Clin Adv Periodontics. 2024 Dec 23. doi: 10.1002/cap.10329. Online ahead of print.

Abstract

Background: Recombinant human fibroblast growth factor-2 (rhFGF-2) has been shown to effectively promote the formation of new periodontal tissues, and its efficacy has been demonstrated in clinical settings. Moreover, the clinical and radiographic outcomes in the treatment of periodontal infrabony defects can be improved by using rhFGF-2 in combination with a bone substitute. Here, we present a case of four-wall bone defect in a tooth treated by combination regenerative therapy using rhFGF-2 and beta-tricalcium phosphate (β-TCP).

Methods: A 43-year-old male with a four-wall bone defect in tooth #28 was subjected to combination therapy with rhFGF-2 and β-TCP. Periodontal clinical parameters and radiographic images were evaluated at the first visit, after the initial periodontal treatment, and after 4 months and 4 years postoperation.

Results: Although gingival recession and nonvital pulp were observed postoperation, improvements in the periodontal parameters and radiographic outcomes were subsequently recorded.

Conclusion: Periodontal regenerative therapy with a combination of rhFGF-2 and β-TCP showed great potential in the treatment of four-wall bone defects of teeth.

Key points: Periodontal regenerative therapy using recombinant human fibroblast growth factor-2 (rhFGF-2) and beta-tricalcium phosphate (β-TCP) showed immense potential in the treatment of four-wall bone defect in teeth. In addition to using computed tomography for assessing bone defects and root morphologies, an evaluation of root canal morphology and pulp diagnosis is essential for understanding the internal and external aspects of the defect, which would aid in tooth preservation. Appropriate periodontal and endodontic treatments enabled tooth preservation following apical periodontitis after periodontal regenerative therapy.

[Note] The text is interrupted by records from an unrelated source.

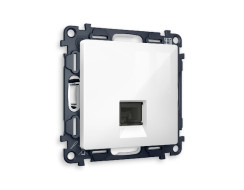 Комплект механизма компьютерной розетки RJ-45(8P8C) CAT6 со шторкой Ambrella Volt Alfa MA112010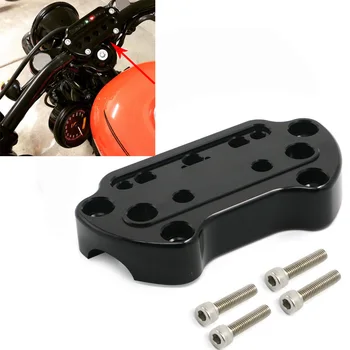 

1" Motorcycle Handlebar Anti-Slip Riser Top Clamp Indicator Lights 2006-2017 for Harley Sportster XL 883 1200 XL883 95-up Dyna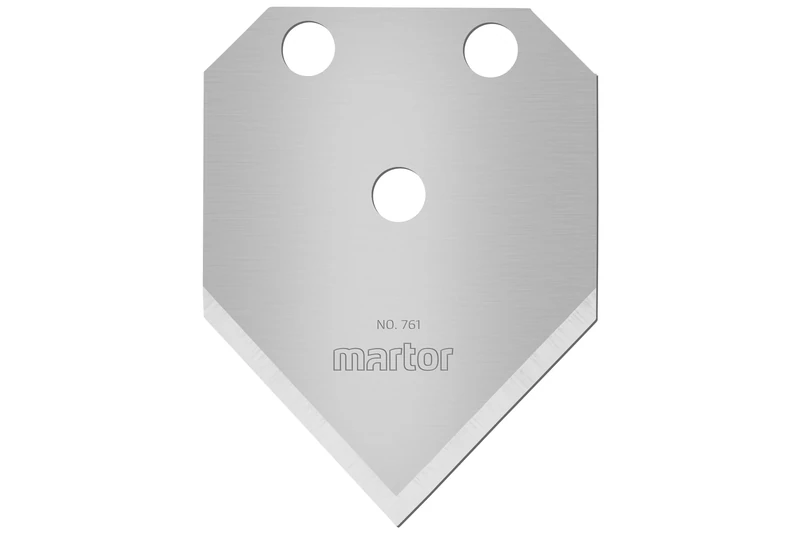 MARTOR 10 x Pointed Blade, Replacement Blades Scalpel, 26 mm, Sharp, in Dispenser, 2-fold usable, No. 761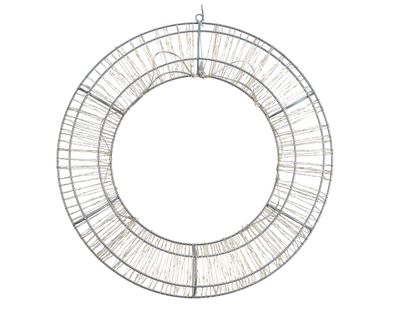 Livarno home LED-Deko-Beleuchtung Weihnachtsbeleuchtung Rund mit Timer * B-Ware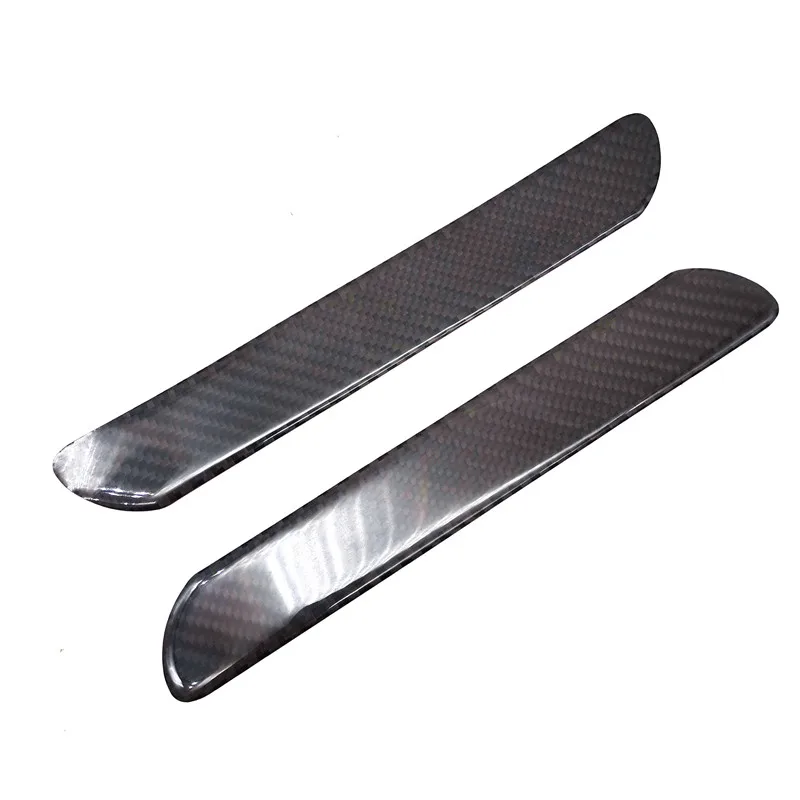 

2 PCS 258mm*38mm Carbon Fiber Door Sill Scuff Plates ProtectorsFit For All Cars Trucks SUV.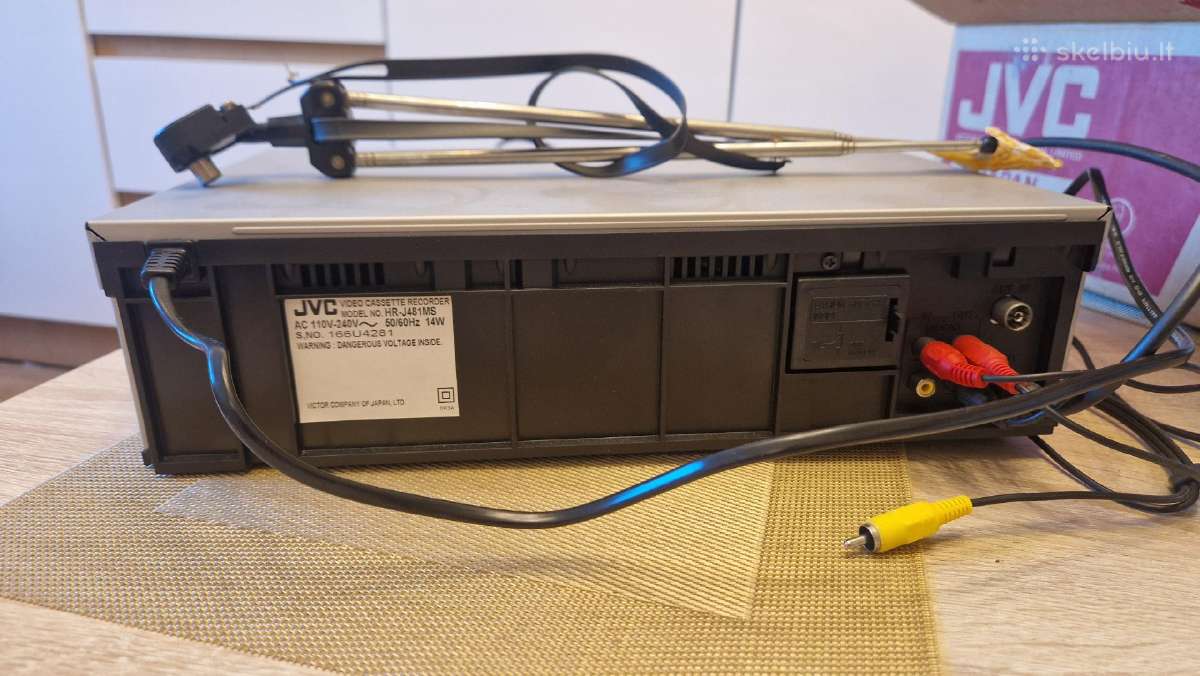 JVC Vhs vaizdo grotuvas Hr-j481ms su pulteliu - nuotraukos Nr. 3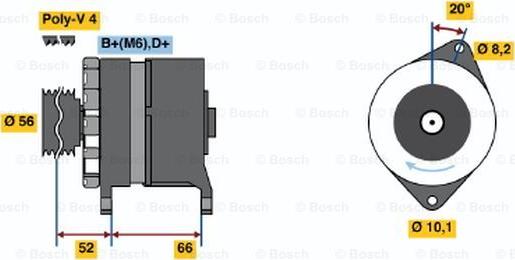 BOSCH 0 120 489 259 - Генератор autozip.com.ua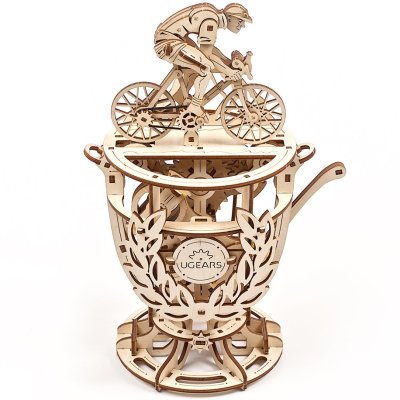 Ugears 3D Wooden Mechanical Puzzle Self-Propelled Cyclist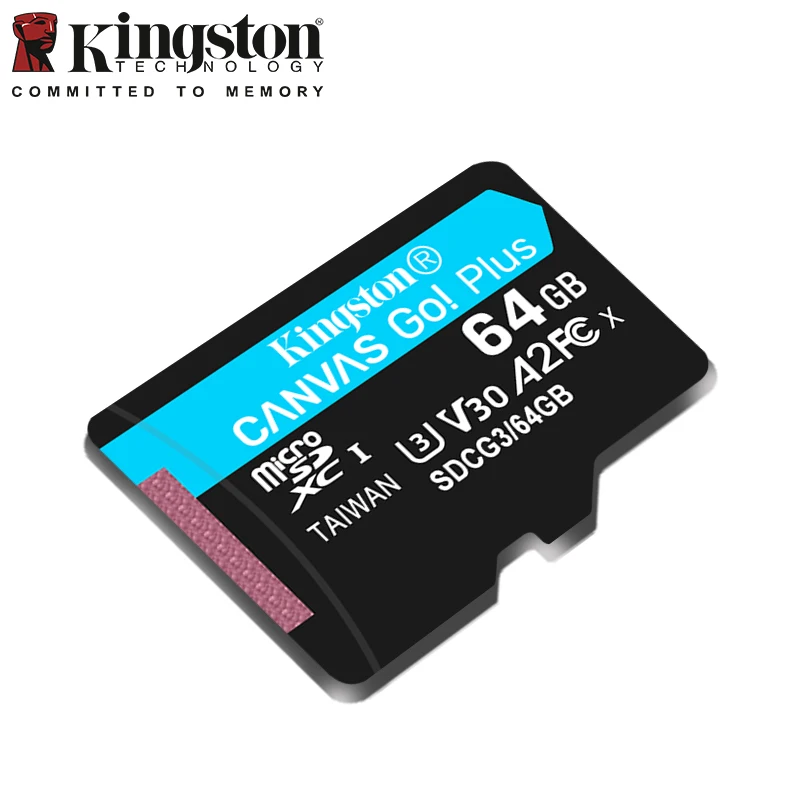 안드로이드 모바일 장치, 액션 캠, 드론 및 4K 비디오 제작용 Kingston 64gb 128gb 256gb 512gb 1tb microSD 메모리 카드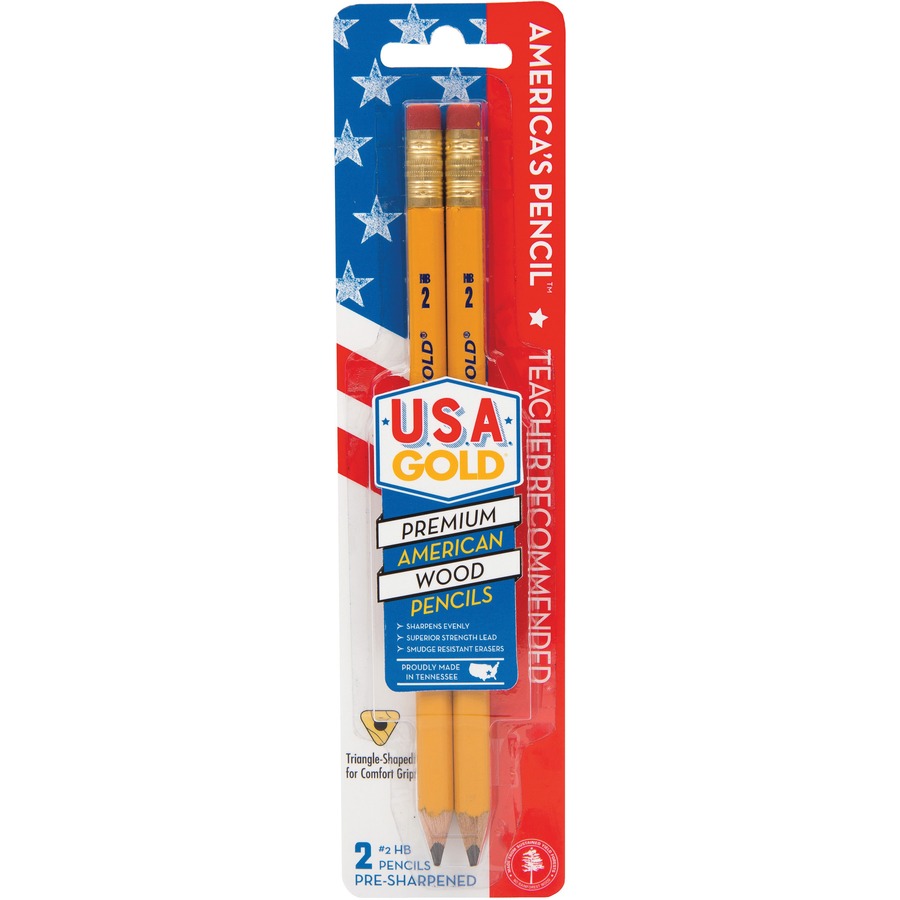 2 Pre Sharpened Pencils 12 Count DDR56 for sale online Write Dudes USA Gold Premium Cedar No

Plain language summary: This case report focuses on a new approach for the treatment of a four-wall bone defect, a significant dental issue in which the bone around the tooth is damaged, thereby decreasing the stability of the tooth. We treated a 43-year-old male patient with a combination of two key components: the growth factor rhFGF-2, which helps promote the growth of new tissues, and the synthetic bone graft substitute β-TCP, which acts as a substitute for the missing bone. Over the course of 4 years, we monitored the patient's progress using dental exams and X-ray photos. Despite some minor side effects, such as gum recession and the loss of tooth vitality, the overall condition of the tooth and surrounding bone showed significant improvement. This combination therapy shows promise in repairing similar bone defects, which would help save teeth that might otherwise be lost.

Keywords: beta‐tricalcium phosphate; fibroblast growth factor‐2; intrabony defect; periodontal regeneration; periodontitis.